A single word concerning the policy of his party and we have done-for one cannot follow him through his many spirited pleas for education, the rights of woman, and hundreds of other questions to which he has given his attention and influence. In a speech, at Flint, Ohio, some years ago, he gave, as it were, the secret of Republican successes, and a sentiment very pertinent to the present year: "Wherever the Republican party has stood up with its head in the light, and appealed to principles, it has won; wherever it has been cowardly and truckled and let down, it has lost, and it deserved to lose. Now then we say in this fight, we will climb to the masthead, and on the very top we will nail our flag; and if go down we must, the flag shall take the wave last."

CHAPTER XXIII.

A VISIT TO LAWNFIELD.

"M

ENTOR! Mentor! All out for Mentor!" called out the conductor, and satchel in hand I descended from the cars.

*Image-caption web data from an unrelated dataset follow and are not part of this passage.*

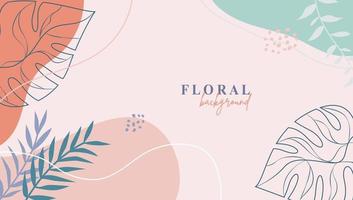 bannière de modèle floral abstrait. fond organique minimal à la mode. vecteur, beauté florale, toile de fond, couleurs pastel vecteur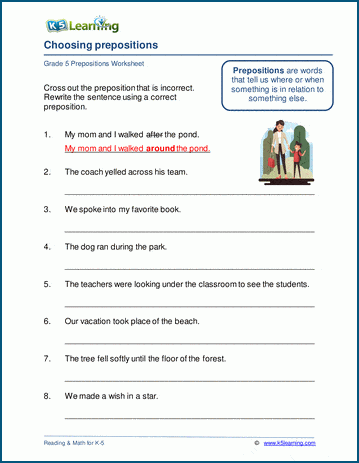 Choosing prepositions worksheets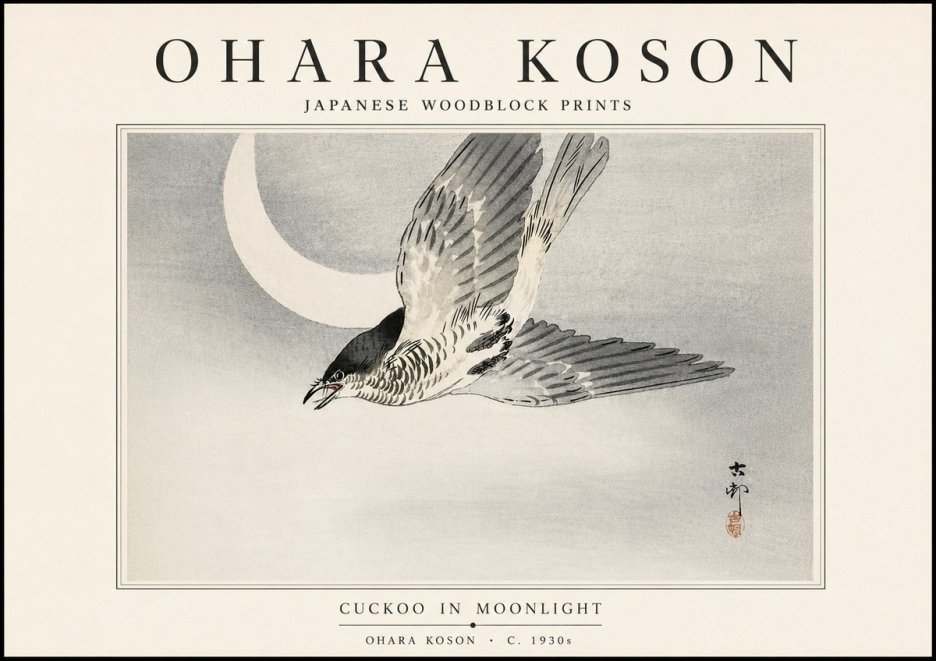 Ohara Koson Cuckoo in Moonlight No5 - Póster
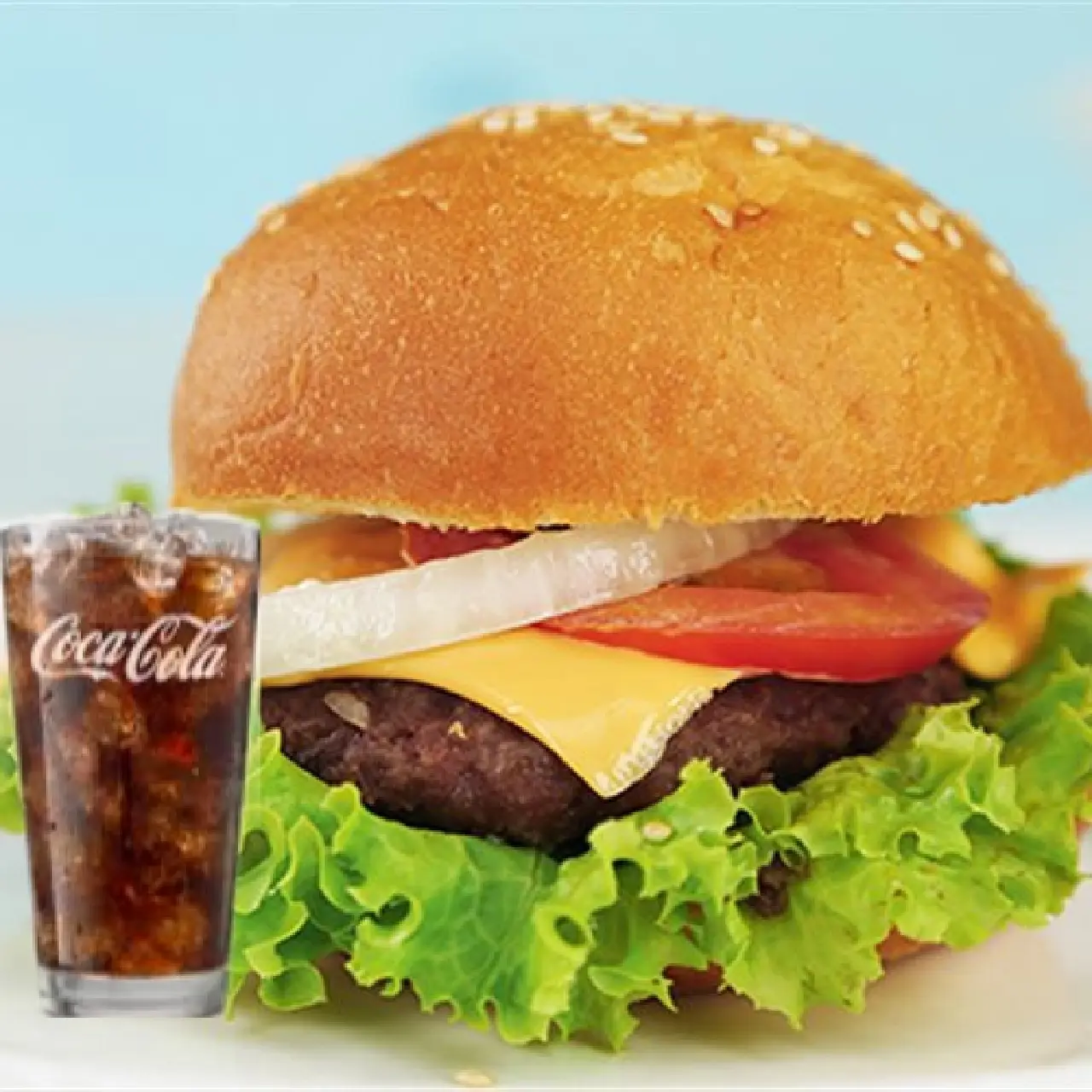 Hình ảnh Combo Hamburger bò phô mai - coca 500ml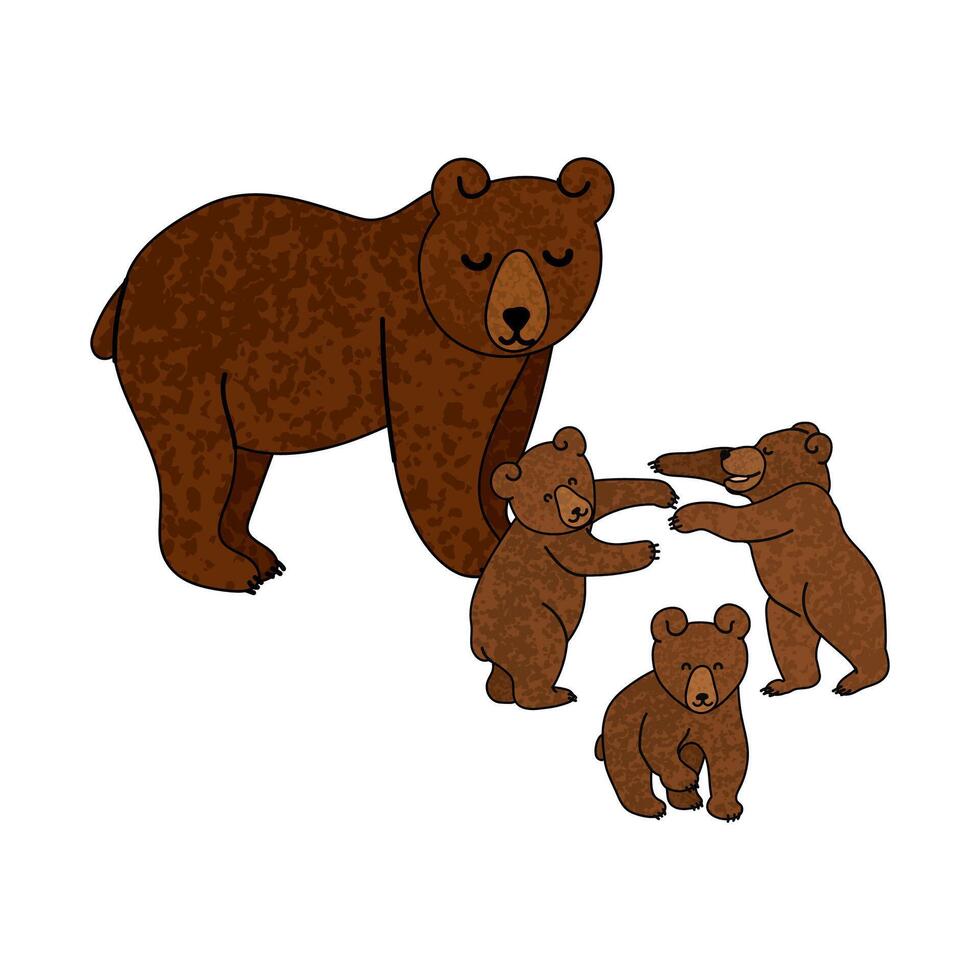 Colorful Illustration of Bear with Cubs Isolated on White Background vector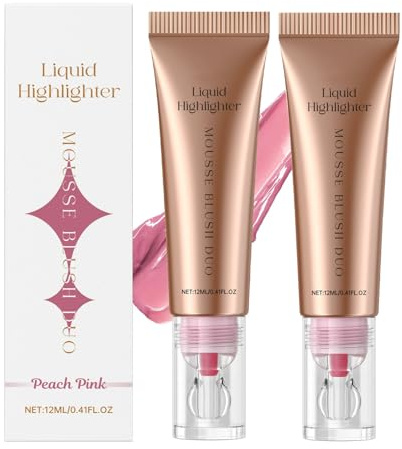 Liquid Highlighting Blush - 2PCS | Rubor Líquido E Iluminador En Gel Para Un Resplandor Radiante, Aplicación Suave Y Ligera, Set De Barras De Contorno Y Rubor (Polvo De Durazno)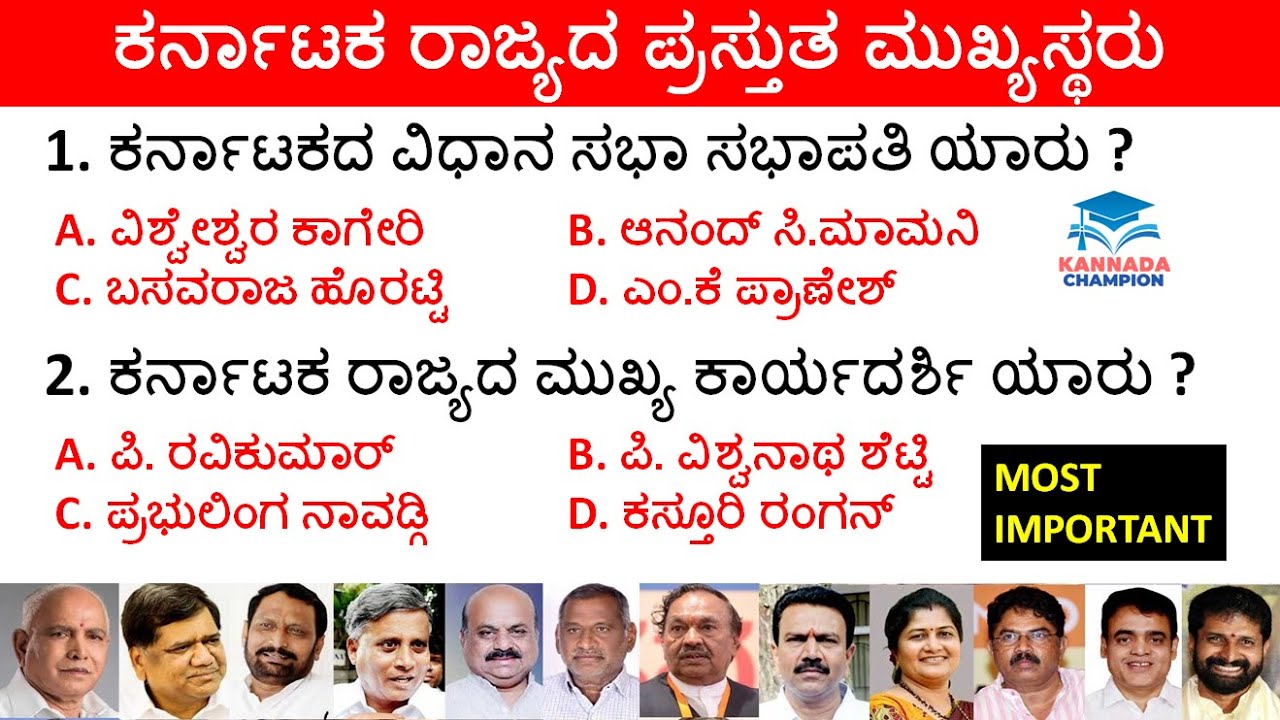 KARNATAKA STATE CHIEF GK 2021 | ಕರ್ನಾಟಕ ರಾಜ್ಯದ ಪ್ರಸ್ತುತ ಮುಖ್ಯಸ್ಥರು 2021 | FDA SDA EXAM 2021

A scream from the locomotive, a puff of dust, and the rushing and rumbling cars went out of sight up the road, leaving me alone at a stupidlooking depot on the Lake Shore Railroad, twenty-six miles from Cleveland.*

"Any hotel here?" I inquired of a man who seemed to be ticket agent, expressman and telegraph operator combined.

"Yes, over the road there," he replied, pointing with his hand to a little building with the sign of "Store" on its front.

I looked at it and then at the place around. Crossing the road was a rude board arch bearing the motto: "For President, Our Townsman, James A. Garfield." I looked about, but could see no sign of a town, though there were a good many straggling buildings in sight and a church spire in the distance.

*The purpose of my visit, the reader has already divined. And in relating it, the author makes no apology for abandoning the impersonal style hitherto employed, believing that the reader will relish his description all the better if the impressions are more minutely related through the agency of the personal pronoun.